The statistical methods chosen by the research teams varied widely, including linear regression, multilevel regression, and Bayesian statistics. The covariates (other factors that might influence the results) chosen by the research teams also varied widely, with 21 different combinations being chosen. Three teams, for example, used no covariates, while three other teams only controlled for the effects of player position as a covariate.
The researchers suggest that the different decisions made during this process, including what other factors to control for, what type of analysis to run, and how to deal with randomness and outliers in the dataset, all lead to divergent conclusions.
None of the analyses were merely wrong or poorly conducted. “The differences in result could not be explained by the researcher’s pre-existing biases about the answer, or by the experience level of the researchers, after tests were run to rule out these possible explanations.” Typically, in research only one analysis is conducted and only one team is involved. That team would use their best judgment in selecting what they believe was the most appropriate way to analyze the data. “However, if that had been done here, that single analysis would be quite misleading.” The researchers in “Many Analysts, One Data Set” concluded:
The observed results from analyzing a complex data set can be highly contingent on justifiable, but subjective, analytic decisions. Uncertainty in interpreting research results is therefore not just a function of statistical power or the use of questionable research practices; it is also a function of the many reasonable decisions that researchers must make in order to conduct the research. This does not mean that analyzing data and drawing research conclusions is a subjective enterprise with no connection to reality. It does mean that many subjective decisions are part of the research process and can affect the outcomes. The best defense against subjectivity in science is to expose it. Transparency in data, methods, and process gives the rest of the community opportunity to see the decisions, question them, offer alternatives, and test these alternatives in further research.
The Knowledge Filter
This research acknowledges that there can be, there will be a subjective factor in scientific investigation. In his discussion of The Knowledge Filter, Henry Bauer said to understand why science may be reliable or unreliable, you have to recognize it is done by human beings, and that “how they interact with one another is absolutely crucial.” Bauer said science gets done through a communal process akin to a filter funnel with several stages. Through this process humans make many, often contradictory, truth claims. With time, this filtering process can transform subjective, unreliable knowledge, into frontier science and eventually into textbook science—which is seemingly reliable and objective.

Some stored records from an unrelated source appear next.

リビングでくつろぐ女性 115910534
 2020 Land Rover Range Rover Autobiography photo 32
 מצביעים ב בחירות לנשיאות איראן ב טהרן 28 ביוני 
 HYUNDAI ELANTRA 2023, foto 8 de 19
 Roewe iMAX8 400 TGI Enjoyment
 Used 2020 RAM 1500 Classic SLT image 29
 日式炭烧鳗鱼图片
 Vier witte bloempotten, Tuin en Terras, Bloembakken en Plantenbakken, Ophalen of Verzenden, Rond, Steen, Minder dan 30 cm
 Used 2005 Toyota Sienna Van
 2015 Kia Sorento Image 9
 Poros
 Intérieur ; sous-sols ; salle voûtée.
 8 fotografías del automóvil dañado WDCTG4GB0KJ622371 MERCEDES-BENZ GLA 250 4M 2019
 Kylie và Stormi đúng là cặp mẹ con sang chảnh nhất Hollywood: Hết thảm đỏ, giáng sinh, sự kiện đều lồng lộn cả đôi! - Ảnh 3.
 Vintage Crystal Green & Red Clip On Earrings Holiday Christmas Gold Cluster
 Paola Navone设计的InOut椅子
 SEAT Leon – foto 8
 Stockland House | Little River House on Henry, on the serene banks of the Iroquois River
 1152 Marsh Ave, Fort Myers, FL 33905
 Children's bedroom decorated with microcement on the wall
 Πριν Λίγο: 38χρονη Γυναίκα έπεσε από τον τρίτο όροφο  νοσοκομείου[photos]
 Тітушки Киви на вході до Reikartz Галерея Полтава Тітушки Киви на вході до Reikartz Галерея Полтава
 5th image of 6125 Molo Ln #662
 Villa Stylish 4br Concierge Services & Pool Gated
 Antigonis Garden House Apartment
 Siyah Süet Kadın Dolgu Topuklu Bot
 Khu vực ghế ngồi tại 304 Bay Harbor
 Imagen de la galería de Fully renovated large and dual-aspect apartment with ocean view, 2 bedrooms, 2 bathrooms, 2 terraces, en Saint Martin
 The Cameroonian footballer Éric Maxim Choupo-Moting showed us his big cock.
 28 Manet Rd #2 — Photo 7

At the filter of frontier science, researchers do proposal review and grant funding. As this stage, they have to grapple with the question, “What will others think of this?” Through the practice of having colleagues look over grant proposals and manuscripts, “much nonsense, pseudo-science, and stupidity is still-born, or at least filtered out before it’s gotten very far.” Although frontier science is more disciplined than the general intellectual level of society, research at this stage is still a “rather messy business.” Scientists differ in competence, integrity, creativity, interests, judgment patience, etc.
The research presented in “Many Analysts, One Data Set” is an example of primary literature research. The researchers were able to persuade other researchers with the journal Advances in Methods and Practices in Psychological Science that they were on to something and published their work. “So the primary literature of articles in research journals is more disciplined, more objective and less personal than what goes on in individual labs.” But here there can be competing theories and even competing, seemingly contradictory results. Primary literature is not scientific knowledge, it’s just information about certain claims that have been made.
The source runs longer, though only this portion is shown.